20. L’autorégulation des acteurs concernés du secteur des nouveaux services de communication et d’information peut être facilitée par le fait que ceux-ci se sont par exemple organisés en associations. L’article 11 de la Convention de Sauvegarde des Droits de l’Homme et des Libertés fondamentales (ci-après dénommée Convention européenne des Droits de l’Homme ou CEDH) garantit le droit à la liberté d’assemblée et d’association. Les Etats membres sont tenus de ne pas restreindre cette liberté en application de l’article 11 de la CEDH. Le paragraphe 1 de la Recommandation va plus loin en recommandant que les Etats membres encouragent la création de tels organismes. Les moyens effectifs de cet encouragement restent à la discrétion de chaque Etat membre.
 
21. Ces organismes devraient être encouragés à établir des mécanismes d’autorégulation comme des codes de conduite.

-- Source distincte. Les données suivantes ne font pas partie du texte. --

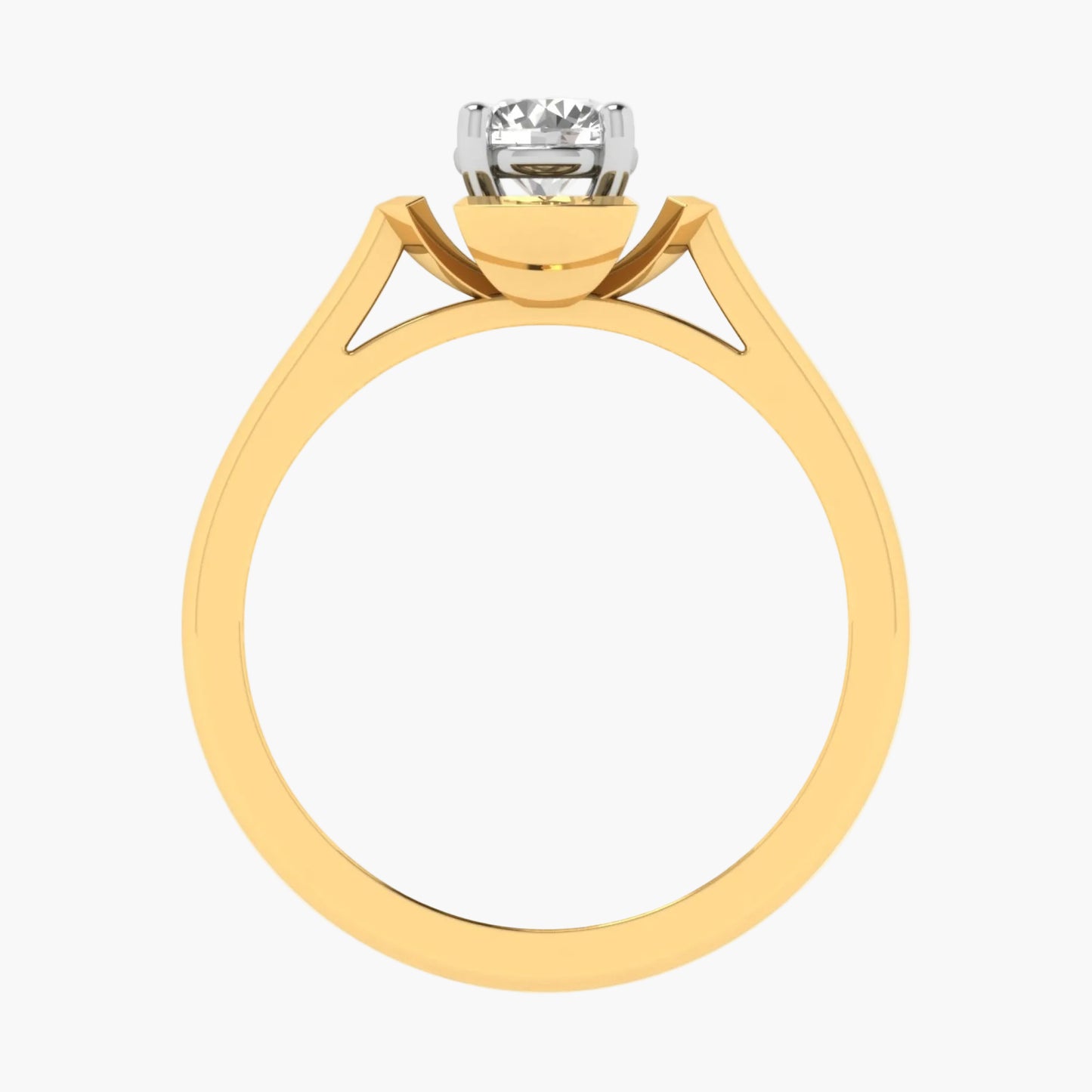 Gold ring with a diamond on a white background, featuring 'Green Lab' branding.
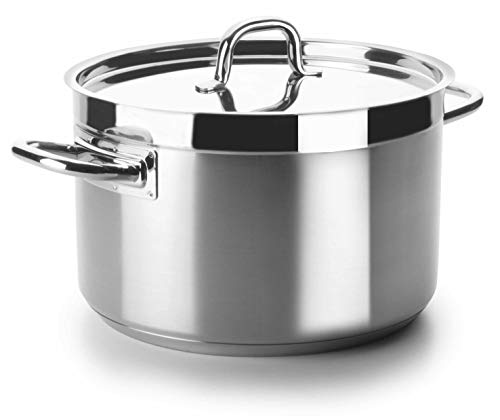 Lacor CACEROLA ALTA Con TAPA D.40 cm Chef-Luxe, Edelstahl, Silber von LACOR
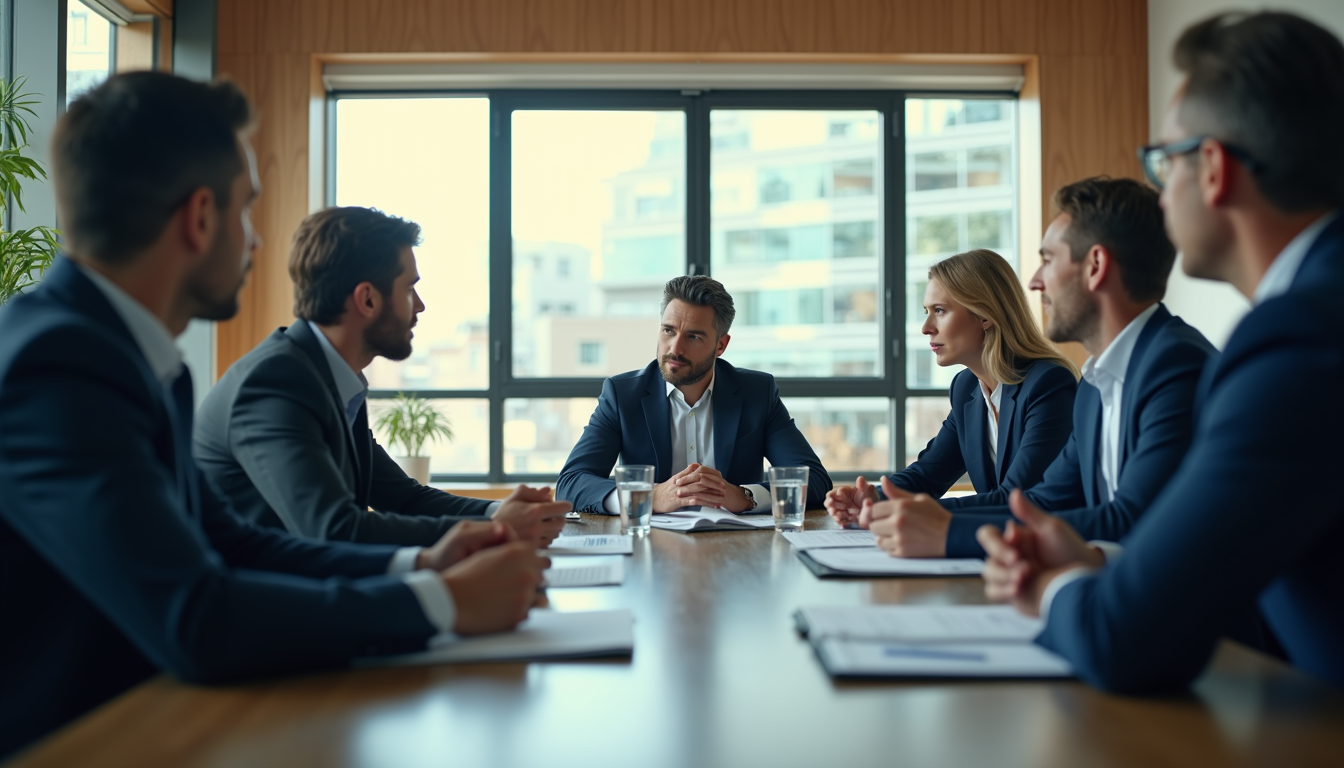 Business meeting with seven professionals in formal suits sitting around a conference table in a modern office with large windows and city view.
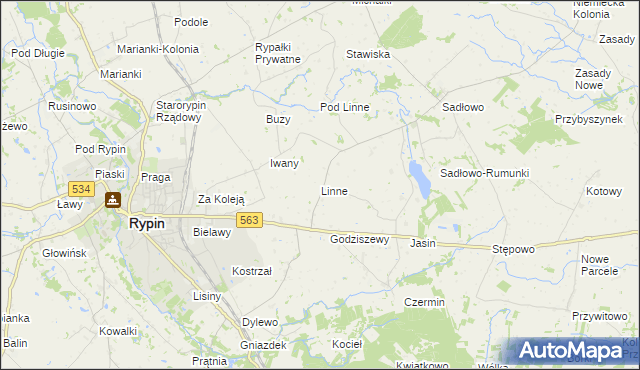 mapa Linne gmina Rypin, Linne gmina Rypin na mapie Targeo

Les Etats membres pourraient décider de concentrer cet encouragement en particulier sur les organisations qui ont une large représentativité dans leur secteur, c’est-à-dire les organisations qui rassemblent un nombre suffisant de membres disposant de certaines possibilités techniques ou autres pour déterminer les contenus mis à disposition sur les nouveaux services de communication et d’information. Le paragraphe 1 de la Recommandation mentionne par exemple les fournisseurs de services Internet, les fournisseurs de contenus et les utilisateurs.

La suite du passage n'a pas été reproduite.